**INSTRUCTIONS TO FOLLOW**
Retype the data exactly, skipping any picture in it.

——————

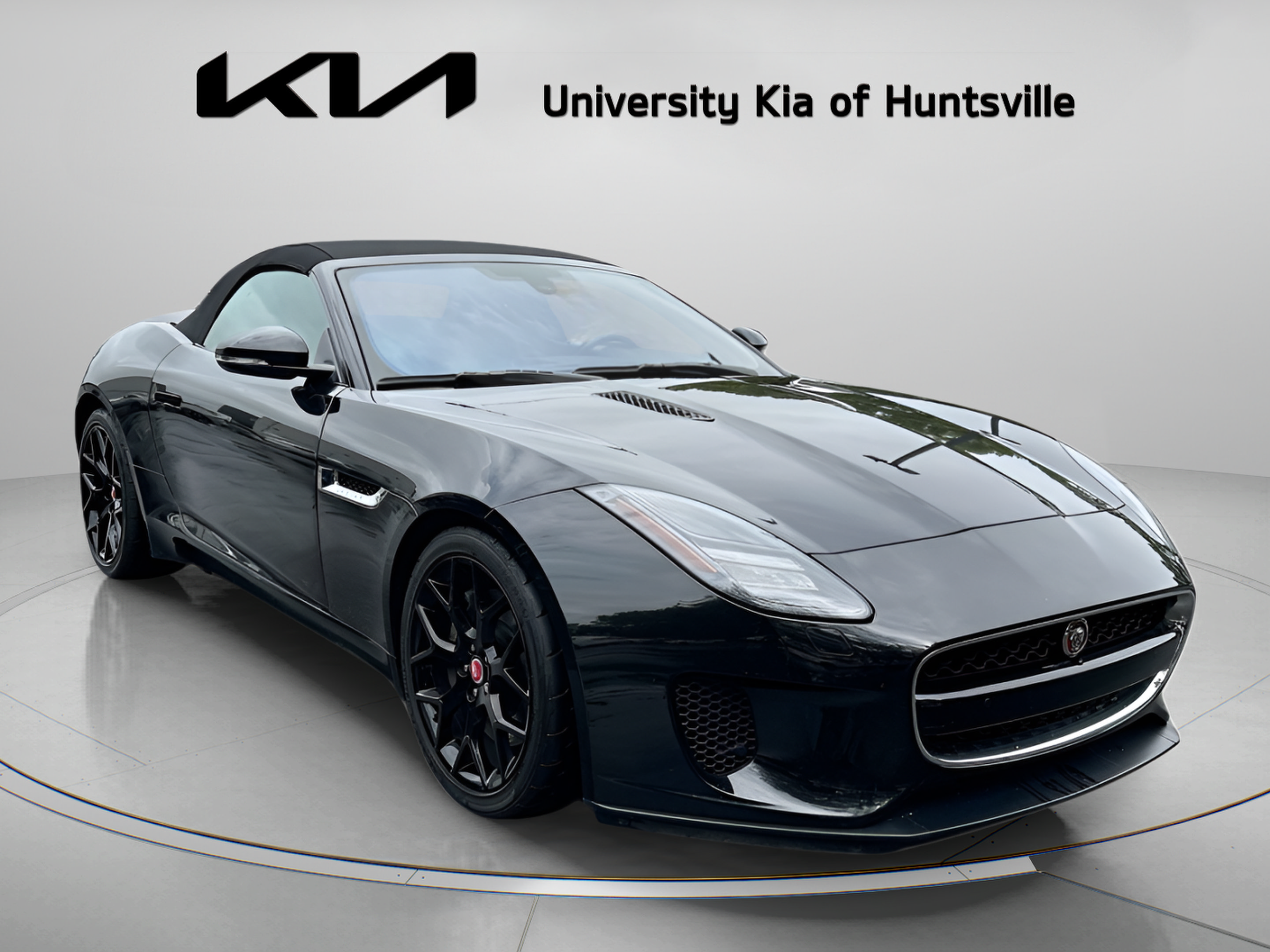 Used 2018 Jaguar F-TYPE Convertible RWD image 2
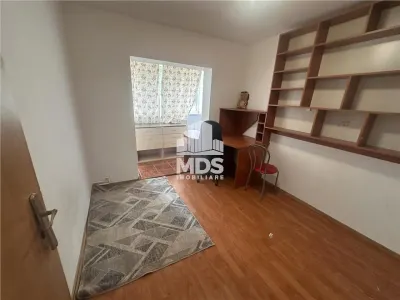 Apartament 4 camere  cu 2 bai si 2 balcoane - foto 7
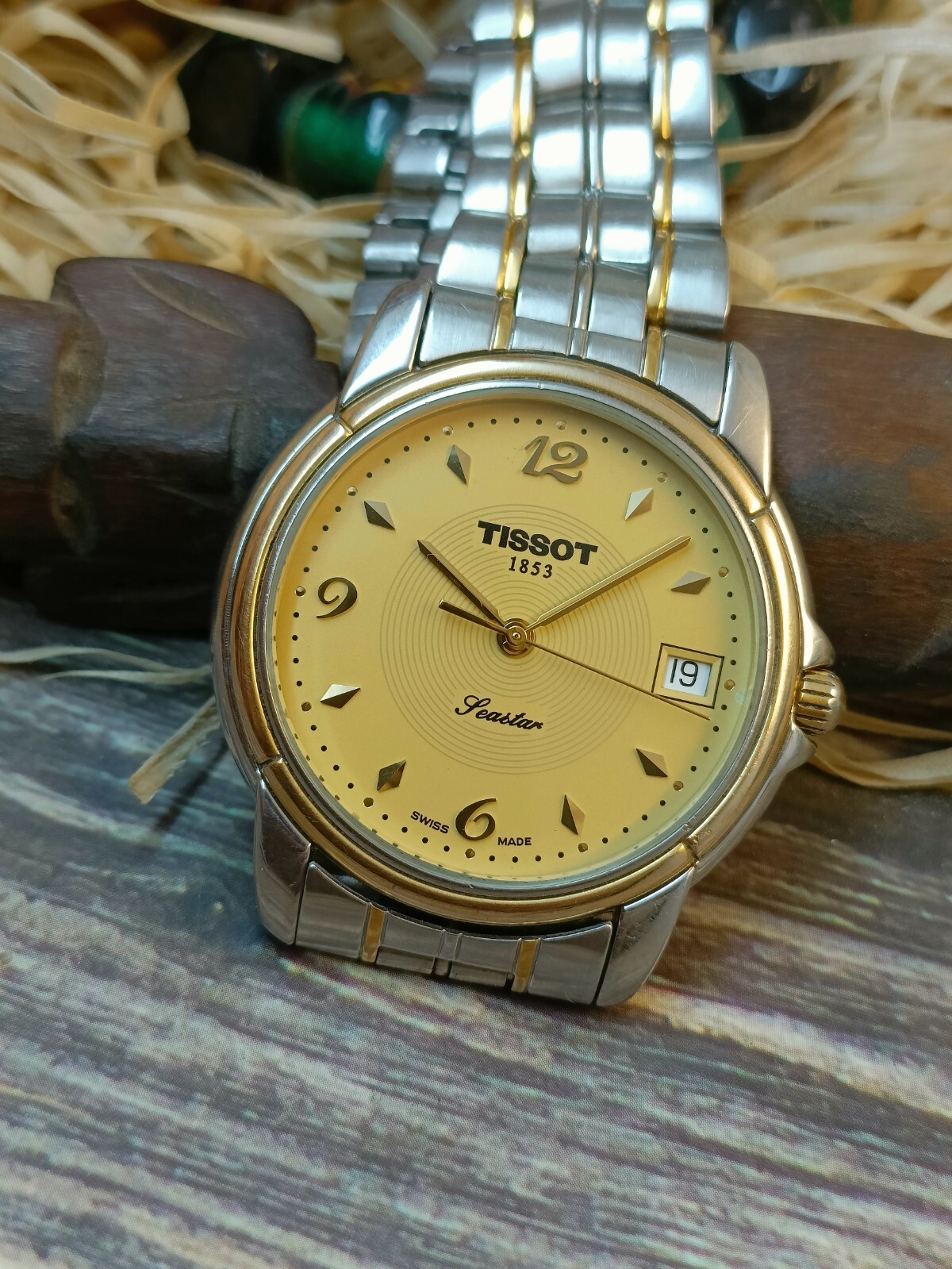 AUTHENTIC TISSOT 1853 SEASTAR QUARTZ SWISS MEN'S MINT DATE AUTHENTIC TISSOT 1853 SEASTAR QUARTZ SWISS MEN'S MINT DATE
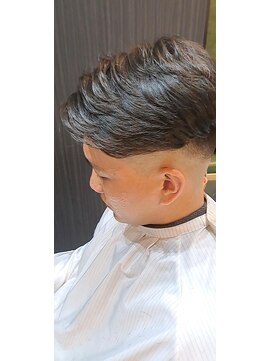 バーバーバー 高砂店(BARBER-BAR) スキンフェード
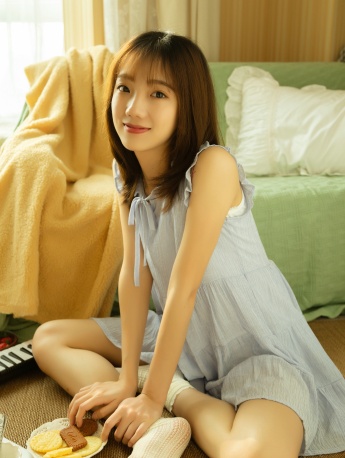 温暖可爱的少女私房艺术写真照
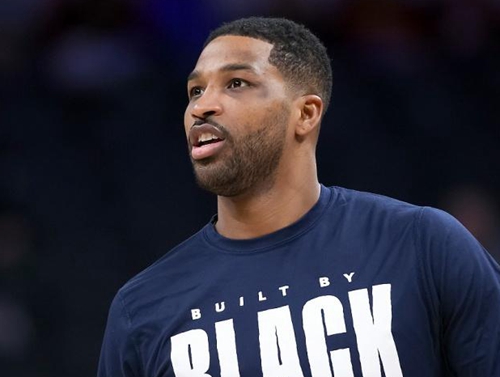 记者：于帕与拜仁的续约仍在谈判中，有可能在年底前做出决定（记者透露：拜仁与于帕续约谈判推进，或将于年底前定案）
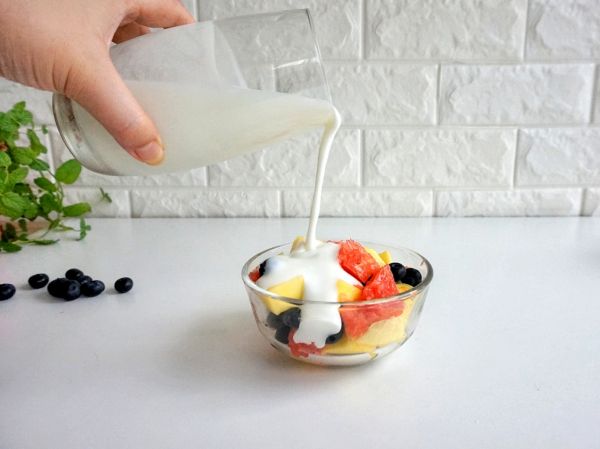 网红甜品自酿酸奶水果捞(附自酿酸奶方法)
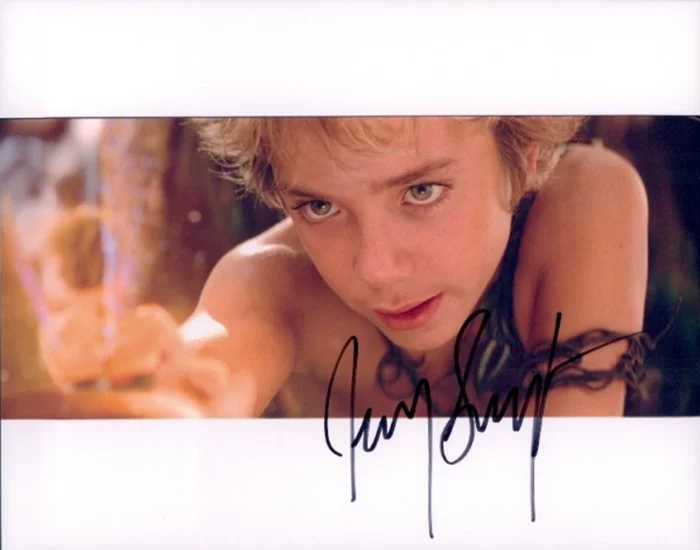 Jeremy Sumpter autograph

——————

**RESPONSE**
 Used 2018 Jaguar F-TYPE Convertible RWD image 2
 Apartament 4 camere  cu 2 bai si 2 balcoane - foto 7
 AUTHENTIC TISSOT 1853 SEASTAR QUARTZ SWISS MEN'S MINT DATE AUTHENTIC TISSOT 1853 SEASTAR QUARTZ SWISS MEN'S MINT DATE
 バーバーバー 高砂店(BARBER-BAR) スキンフェード
 温暖可爱的少女私房艺术写真照
 记者：于帕与拜仁的续约仍在谈判中，有可能在年底前做出决定（记者透露：拜仁与于帕续约谈判推进，或将于年底前定案）
 网红甜品自酿酸奶水果捞(附自酿酸奶方法)
 Jeremy Sumpter autograph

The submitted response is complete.